Some of us started using technology to get away from writing with pencil and paper, but for many folks the switch to digital meant losing a precious tool. Apple resisted offering a stylus on its devices for years, but when the iPad went Pro, Apple realized that some professionals need a pen.
Steve Jobs famously said in 2010 at the iPad launch that "if you see a stylus, they blew it." Looking back at seven years of the Apple Pencil, not only do we see where Apple certainly blew it, but some of these mistakes are hilariously bad. The way the first pencil charges, for instance, is among the most notorious tech design decisions ever.
In honor of the new confusion over the old Pencil – the newest iPad will only work with the last-generation stylus – here's a look at our favorite moments that made the Apple Pencil stand out, in the worst way possible.
1. The way the original Apple Pencil charges
If you tell someone how the first Apple Pencil is intended to charge, they will not believe you. You pop off the cap on the pencil, exposing a Lightning connector tip. Then you plug that tip into the Lightning port on the bottom of the iPad, leaving the Pencil sticking straight down from the bottom.
"But won't it break?" You'll be asked. Most assuredly it will, if you aren't very careful.
The magnetic connector to charge the Pencil would not come until the second generation. For the first Apple Pencil, Apple decided the best solution – the final, shippable solution – would be to leave a large, expensive piece of technology dangling from a massive screen, in such a way that both are now impossible to use.

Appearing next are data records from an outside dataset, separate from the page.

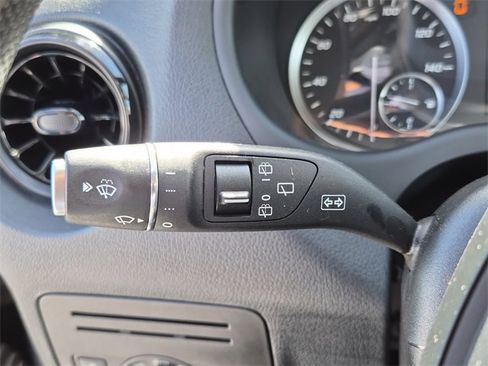 Used 2023 Mercedes-Benz Metris Passenger image 24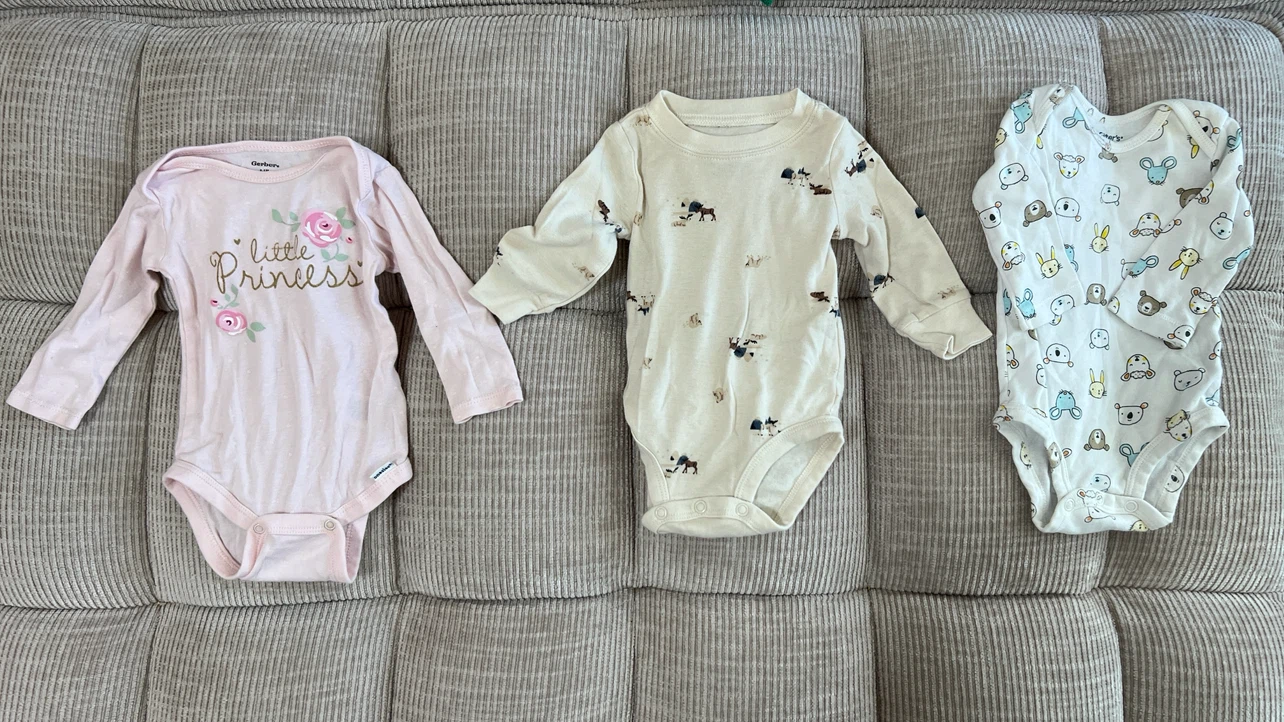 Lot of 12 Baby girl Onesies 0-3 months - photo 3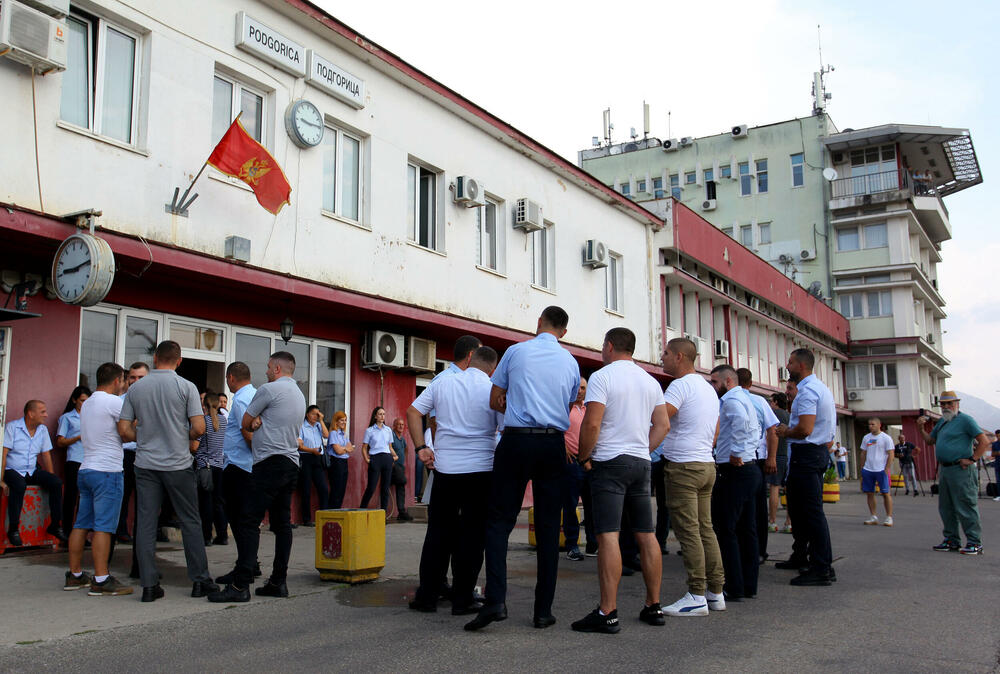 <p>Predstavnik ove grupe zaposlenih ŽICG Andrej Kaluđerović je naglasio da je sastanak kojem će da prisustvuje menadžment ŽICG, dva reprezentativna sindikata te kompanije, predstavnik Ministarstva saobraćaja, predsjednik Odbora direktora, jedina solucija da se obustava prometa zaustavi</p>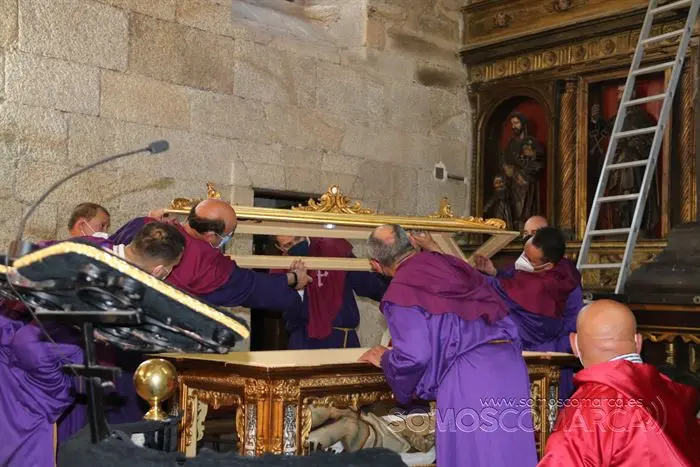 Desenclavo y procesión Santo Entierro en parroquia de San Esteban de A Rúa (24)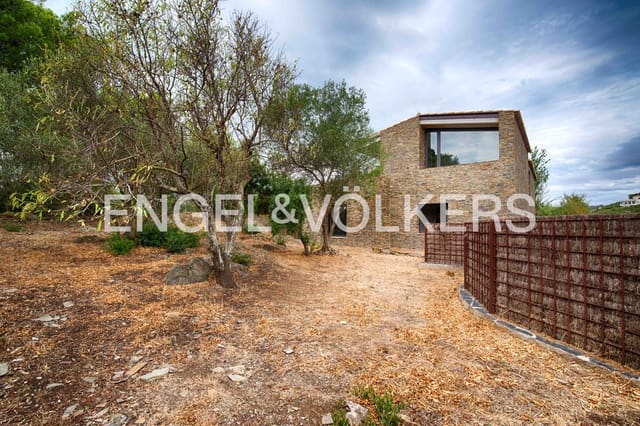4 slaapkamer Villa te koop in Cadaqués - € 2.380.000 (Ref: 9891064)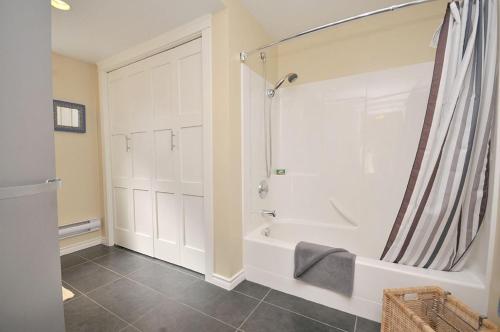 悉尼Heron View Cottage的带淋浴和浴缸的浴室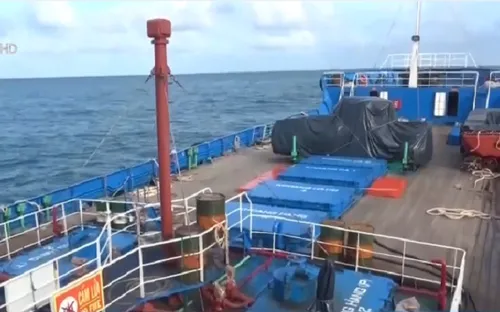 Bắt 3 tàu sang mạn dầu DO trái phép ở vùng biển Côn Đảo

To be fair, Apple also includes an adapter to let you plug the pencil into a Lightning cable. To be cruel, this isn't even the worst charging solution Apple has invented. It once put a Lightning port on the bottom of a mouse, so you could only charge it bottom-up.
2. The new Apple Pencil costs $129 / £119!

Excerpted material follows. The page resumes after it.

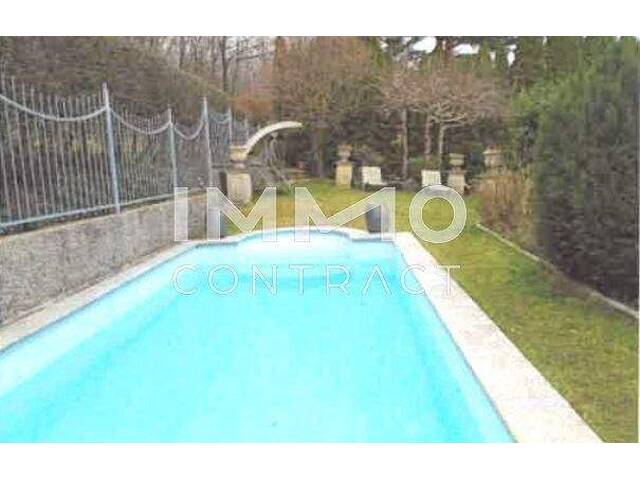 Immobilie in Breitenfurt bei Wien - Großzügige Villa mit zauberhaftem Garten und Pool am Rande des Wienerwals - Bild 0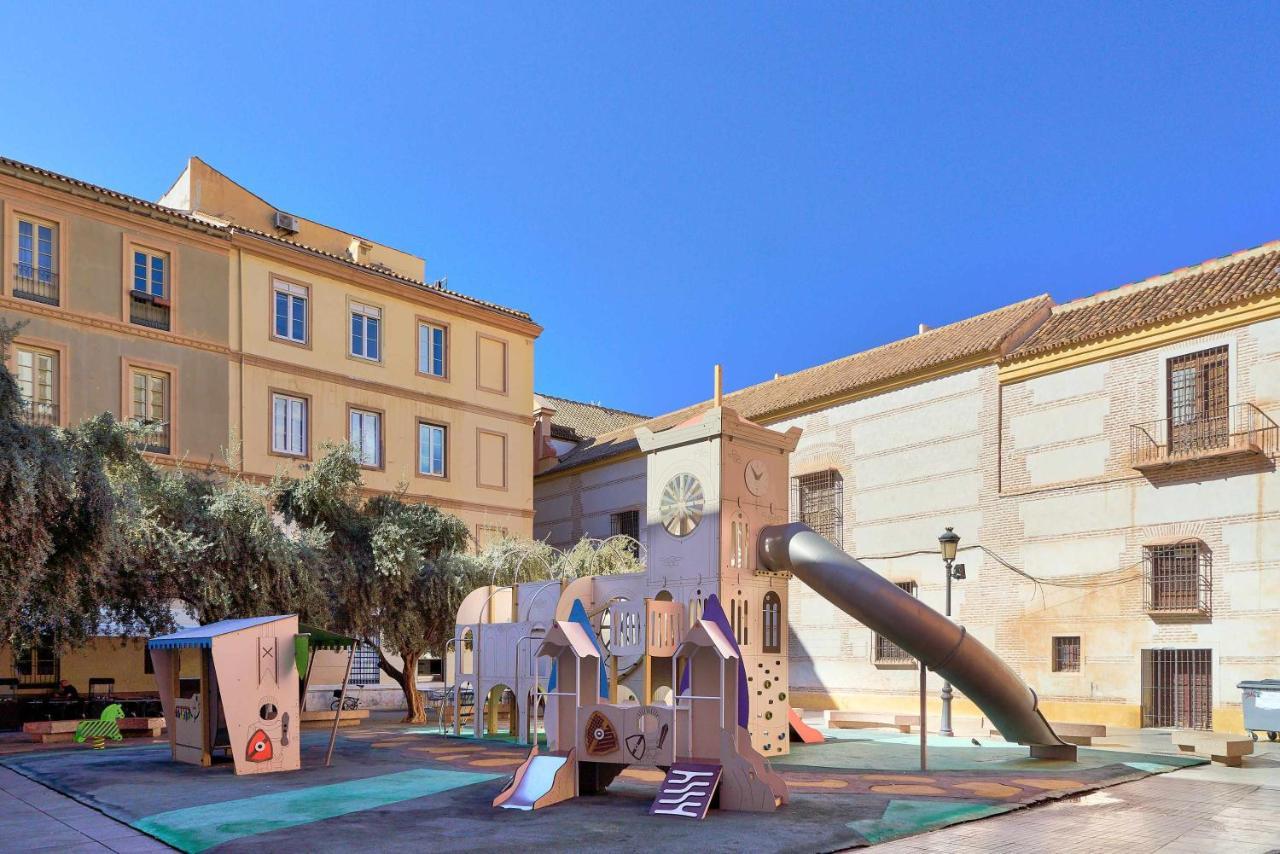 Ferienwohnung Under The Olive Trees In Historic Center Of Málaga Exterior foto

When a company advertises a stylus as a key feature on a new tablet, it's reasonable to assume you will get the stylus for free. Samsung has long included stylus input on its best tablets, and the S Pen is always included. Not so for Apple.

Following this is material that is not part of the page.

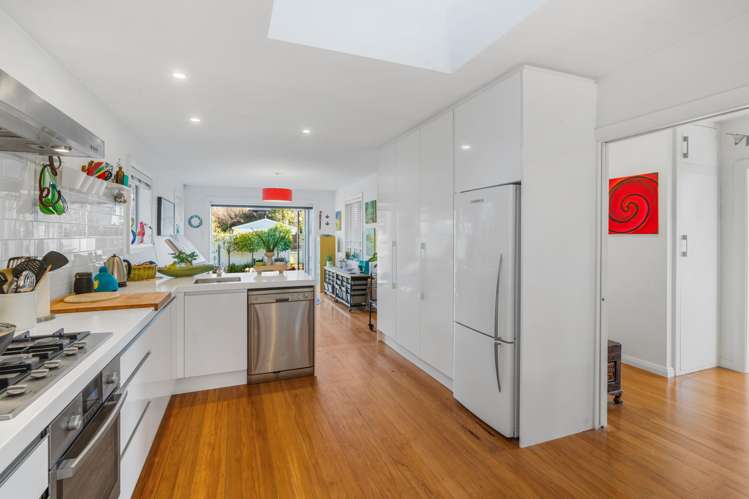 5 Van Asch Street Sumner_11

The second-generation Apple Pencil isn't just expensive, it costs as much as a cheap tablet. It costs more than twice as much as Microsoft's Surface Pen, or a replacement S Pen for Samsung's most fancy Galaxy Tab S8 Ultra.
While Apple devices are priced competitively for the market, accessories and peripherals are a different story. The story here is that the Pencil is twice as expensive as it should be.
3. You can't use any Apple Pencil with any iPad
Before you go and buy an Apple Pencil, you'll need to check its compatibility. There are some devices that only work with the original Apple Pencil. Mysteriously, the brand-new iPad (2022) is one of those – if you buy the newest iPad, you need to buy the older Pencil.
The old Pencil will work on any new iPad, but you won't have an easy way to charge it because all iPads now use USB-C for charging, instead of Lightning. Don't worry, we'll get to that in just a bit.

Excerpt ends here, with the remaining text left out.